BACKGROUND OF THE INVENTION

Lateral forces created by wind pressure or by seismic activity create substantial lateral loads (e.g., shear forces) in a building and have the potential to collapse a building not properly constructed to resist these lateral loads. Consequently, buildings are designed with “bracing” elements that can provide the necessary capacity for a building to withstand substantial lateral forces. However, there is substantial need for improvement in bracing elements, particularly with respect to resisting seismic loads.

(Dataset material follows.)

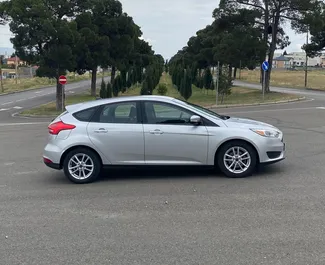 Ford Focus – samochód kategorii Komfort na wynajem w Gruzji ✓ Bez Depozytu ✓ Ubezpieczenie: OC, SCDW, FDW, Pasażerowie, Od Kradzieży, Bez Depozytu.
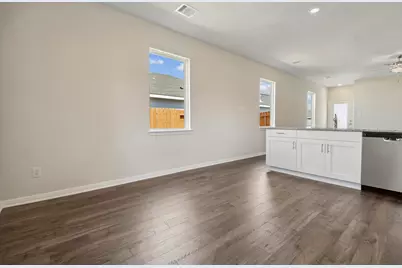 15865 Berry Hill Drive, Conroe, TX 77303 - Photo 8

The present invention provides a structural component, namely, a device for braced frame assembly that couples brace elements in a braced frame to a beam therein.

SUMMARY OF THE INVENTION

In one embodiment of the present invention, a device for coupling a brace element to a beam in a brace frame is provided, the device comprising a solid plate having a trapezoidal shape and a “deformation” therethrough or thereon. The device may comprise steel, light-gauge metal, aluminum or a composite material and further comprise a fastening means for fastening the brace elements to the connector. The deformation may comprise an indentation or extrusion, but is preferably a hole through the connector which can be circular in shape, having a diameter approximately equal to 30% of the height of the plate. The circle may have a diameter between ½ an inch to about 6 inches, preferably between about 3 inches to about 5 inches, and most preferably a diameter of about 4 inches. The width of the connector may be calculated as about 1/30^th of the width of the brace element(s). Accordingly, the connector may have a length between about 6 inches to about 18 inches, preferably between about 9 inches to about 15 inches, and most preferably a length of about 12 inches.

In another embodiment of the invention, a braced frame assembly is provided comprising: (a) two columns each having a bottom end and a top end and perpendicularly affixed to a beam positioned atop the two columns; and (b) two brace elements spanning from a bottom portion of the columns to the beam, wherein the two brace elements are coupled to the beam via a connector comprising a solid plate having a trapezoidal shape and an opening therethrough. The connector may further comprise a fastening means for fastening the brace elements to the connector. The fastening means can be selected from the group consisting of welds, nails, screws, pins, bolts, rivets or a combination thereof. The brace elements comprise structural steel, cold formed steel, light-gauge metal, aluminum, wood, engineered wood, polymers, or composite material.

In the braced frame assembly, the brace elements are coupled to the beam at an angle of greater than about 45° with the beam, preferably an angle of less than about 85° with the beam, and most preferably at an angle of about 80° with the beam. As well, the brace elements can be coupled to the beam via a connector positioned at the midpoint between the two columns in a braced frame assembly.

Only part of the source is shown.